Given the listing below, write out exactly the lines starting with the line that has "Adaland - крупнейший" and going on through the line that has "Apartamento à venda", both kept.

- _Records provided_:
• • • • • • •

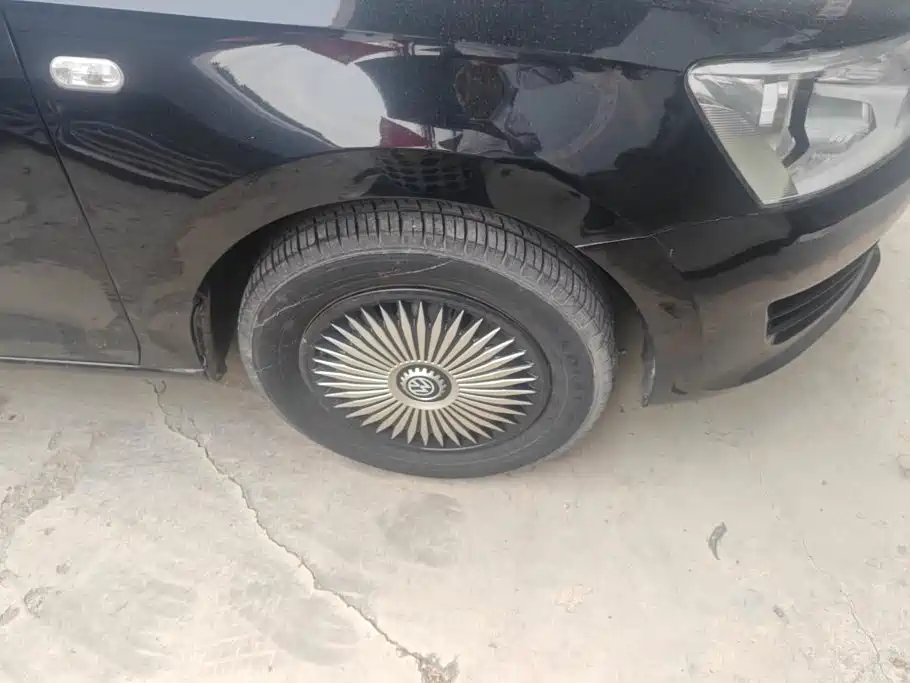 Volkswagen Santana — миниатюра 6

• • • • • • •

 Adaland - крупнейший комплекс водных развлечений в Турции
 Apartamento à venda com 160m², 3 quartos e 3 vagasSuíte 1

• • • • • • •

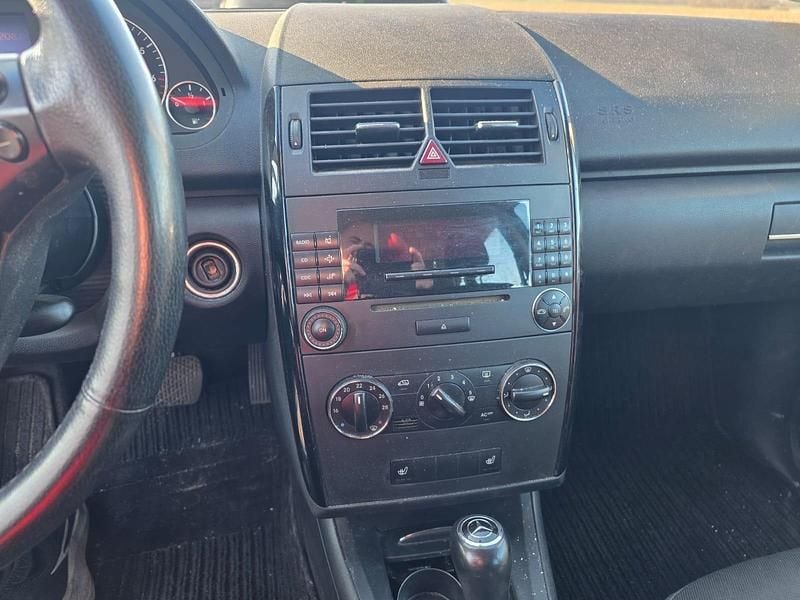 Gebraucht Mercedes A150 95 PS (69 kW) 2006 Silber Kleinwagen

• • • • • • •

- _Result of this exercise_:
 Adaland - крупнейший комплекс водных развлечений в Турции
 Apartamento à venda com 160m², 3 quartos e 3 vagasSuíte 1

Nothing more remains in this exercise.